The replaceable cable is shared across the entire Shure range of in-ears including the range-topping SE535s, so it is very high quality and resists tangling well.
I am always a little wary about replacement cables as the join is a weak point and you should not need to change it unless you break the cable. Since the cable Shure supplies is really well made, with kevlar reinforcement, it begs the question, why bother? To my mind, it just adds a potential point of breakage and expense. Having said that, the joint in this one seems pretty tight so there should not be any issues here.
Moving on to the fit, once you find the right size tips, these buds fit really well, blocking out most outside noise and sealing really well.
There is no microphone as these are designed as in-ear monitors rather than replacement phone earphones.
They come in black or clear, the latter allowing you to see the inner workings, but I found this to be fairly uninspiring – a few wires are not as interesting as seeing the inner workings of a Swiss watch movement, so I went with the black ones.
These buds come with a plethora of tips, so you should be able to find one that fits well. I went with the black memory foam ones, which were very comfortable and blocked out external noise exceptionally well.
The over-ear cables took a little bit of getting used to, I kept putting them in upside down, but they don’t cause any problems once you get used to it. The other advantage of this is that by hooking the cables over your ears it takes the weight off of the seal, so you do not feel the weight pulling them down.
This means that they are comfortable and much more secure – I went running cross country with them and they stayed put really well.
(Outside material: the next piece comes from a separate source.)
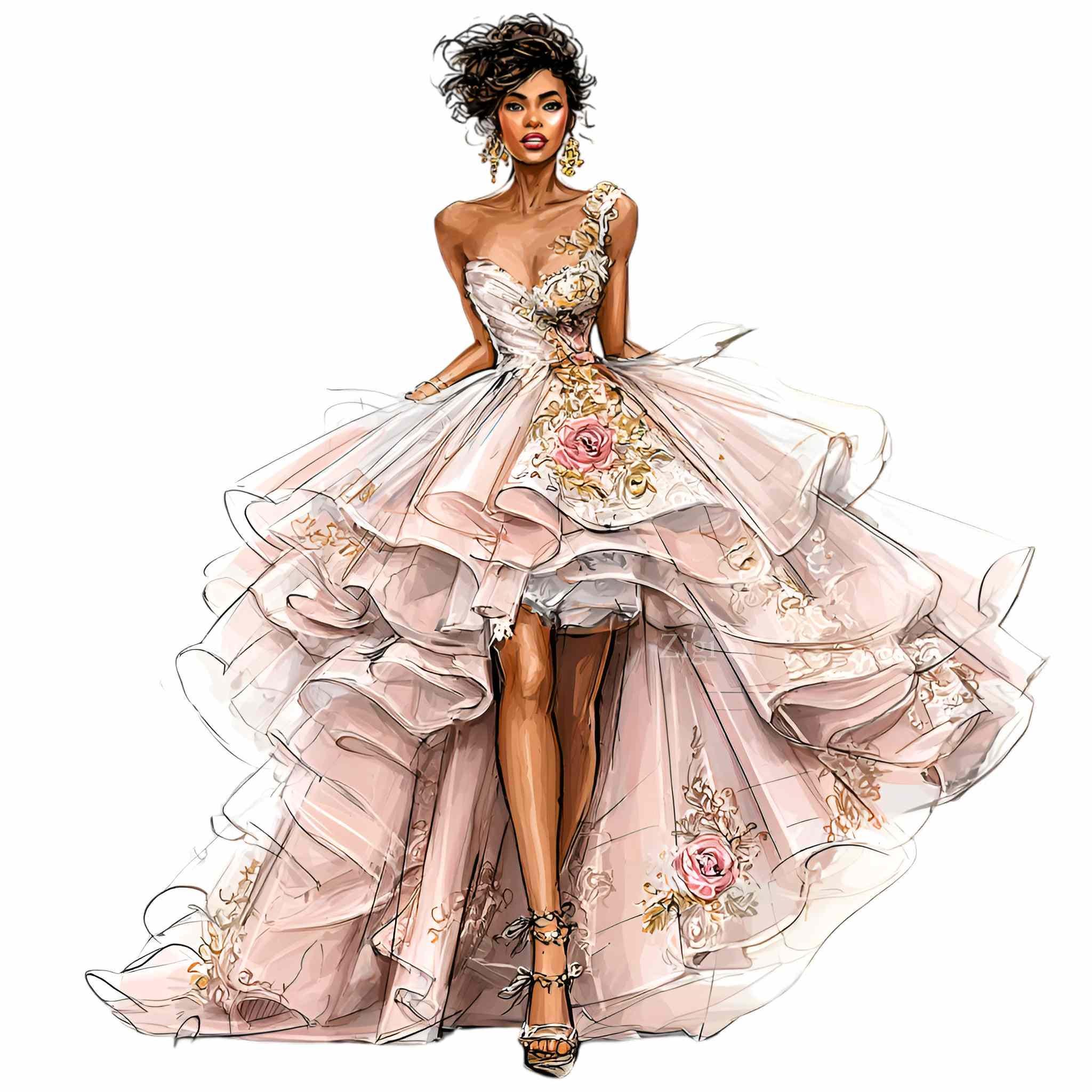 fashion dress clipart 12 PNG Fashion Illustration, Luxury Woman Clipart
They are not listed as being sweat-proof, but I had no issues.
Overall, I found them surprisingly comfortable given my initial skepticism.
There’s a lot to like about the sound of these Shures. Earlier Shures I tried were very clean sounding but lacking warmth and depth. However these 215s are the aural equivalent of getting into a hot bath – warm and enveloping.
The bass and mids are rich and full, with the bass able to give you a good punch when needed. The soundstage also impressed, letting you really get a feel for where the sounds were coming from. Listening to The Ramones “It’s Alive” you could clearly make out that the guitar was to the right and bass to the left and they gave the whole sound a real presence.
Trying other big sounding productions like Coldplay’s “Viva La Vida” and there is a lovely weight to the sound. The vocals are not lost either, sounding clear and detailed with a nice weight to them. The harmonies are also picked out well, Shure seems to have got this balancing act well sorted.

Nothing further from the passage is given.